As Shemilt continues in the application of the product, her face becomes more and more similar to a theatrical mask. Suddenly she drops the foundation, takes a black drawing pen and starts sketching a self-portrait on the mirror. The artist’s doppelgänger is so created and seems to constitute a part or an extension of herself: she continues to modify its image, mimicking with her face the gestures of applying lipstick. She continues to move in front of the mirror as she checks the result on herself.

Twice during her performance the sequence is interrupted by multi-layered images of the face of the artist, of her naked body or parts of it, to create a sense of multiple personalities and a window to her inner self in contrast with her public image.

The sequence closes with the mirror and the doppelgänger: the presence of the artist has been finally replaced.

The double and the mirror were seminal features in early video artworks.[18] This common element can probably be partly explained with the instant feedback that video provided. The artist could ‘reflect’ him or herself in the mirror of the video monitor while videotaping and could re-watch the recorded piece immediately after it was videotaped. Instant feedback created an instant double of the artist, influencing his or her behaviour[19] and empowered him or her with a sense of control of the medium as he or she could check constantly for example the framing. The possibility of re-recording on the same tape gave also the possibility of creating phantasmatic ‘doubles’ in the video. The metaphor of the mirror was widely employed by art historians and critics. In Italy art historian Renato Barilli defined video recording as a «clear and trustworthy mirror of the action» in his seminal essay Video recording a Bologna (1970).[20] ‘Video as a mirror’ was one of the three ways of the artistic use of video for Wulf Herzogenrath (1977).[21]

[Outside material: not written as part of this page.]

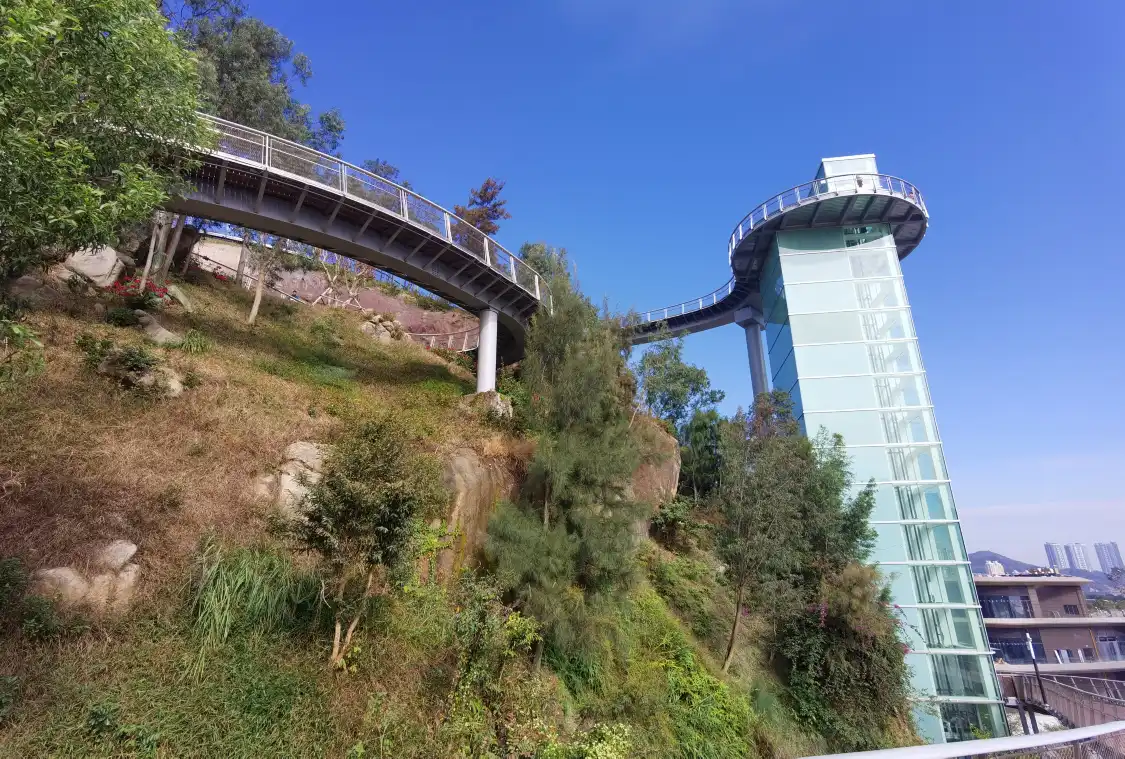 Hotels near Xiangshan Cloud Path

In her seminal essay Video: The Aesthetics of Narcissism from 1976, Rosalind Krauss points out that «unlike the visual arts, video is capable of recording and transmitting at the same time – producing instant feedback. The body [the human body] is therefore, as it were, centered between two machines that are the opening and closing of a parenthesis. The first of these is the camera; the second is the monitor, which re-projects the performer’s image with the immediacy of a mirror».[22] Starting from the analysis of Vito Acconci’ Centers, Krauss identifies three elements (monitor, camera, artist’s body) that create a narcissist loop. She even questions if video in general can be considered as narcissist (even if towards the end of the essay she takes a step back on this suggesting three categories of video art that contradict this thesis). For her psychoanalytical interpretation, Krauss refers to both Freud’s theory of narcissism (the change of the object-libido into the ego-libido) and Lacan’s stages’ theory.

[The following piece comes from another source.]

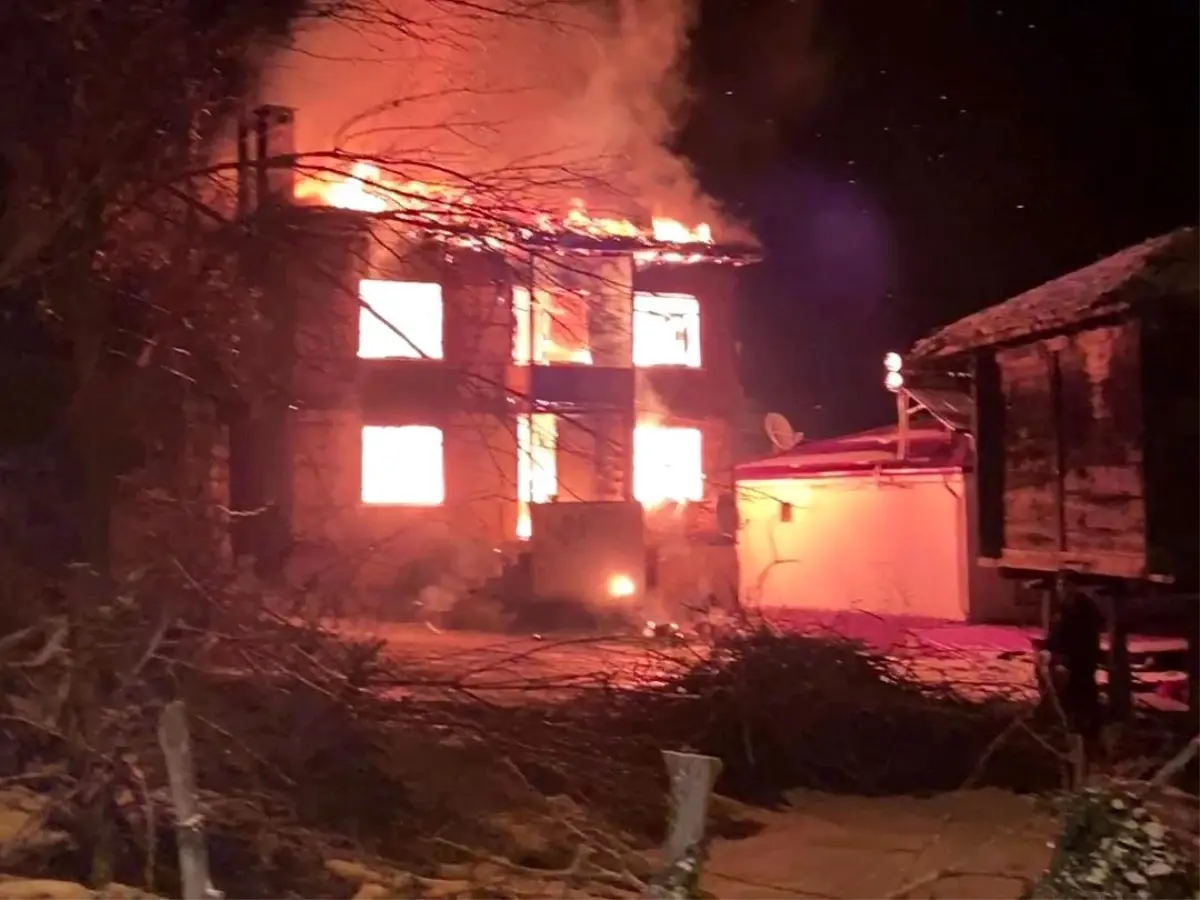 Ordu Ünye'de Sobadan Çıkan Yangın Müstakil Evi Yok Etti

Krauss’ seminal interpretation has been challenged and debated in the following decades.

Michael Rush challenged this interpretation suggesting very interestingly that Acconci in Centers is not pointing to himself but to «”us”, the audience, drawing the viewer into the art process».[23]

Furthermore, in her book Sexy Lies in Videotapes (2003), Anja Osswald has also pointed out how Krauss is missing a fundamental point in her argument: as the video doesn’t relay images in reverse as a reflecting mirror does, the outside viewer, and so the category of the Other, can’t be expunged from the context. So for, video (the ‘electronic mirror’) is «rather the reflection of the self reflection».[24] The artist with an almost documentaristic approach would become nothing more than an ‘empty container’. That would be corroborated by the fact that only a few videos, among those analysed by Osswald, employ the term self-portrait in the title. Although Krauss and Osswald don’t agree on the narcissist connotation of these early video performances employing the artist’s body, they both agree that video plays as a ‘psychological tool’. It is video artist Hermine Freed on the other hand that in 1976 pointed out that artists used their own body because this enhanced a sense of control and to have the possibility to work alone.[25]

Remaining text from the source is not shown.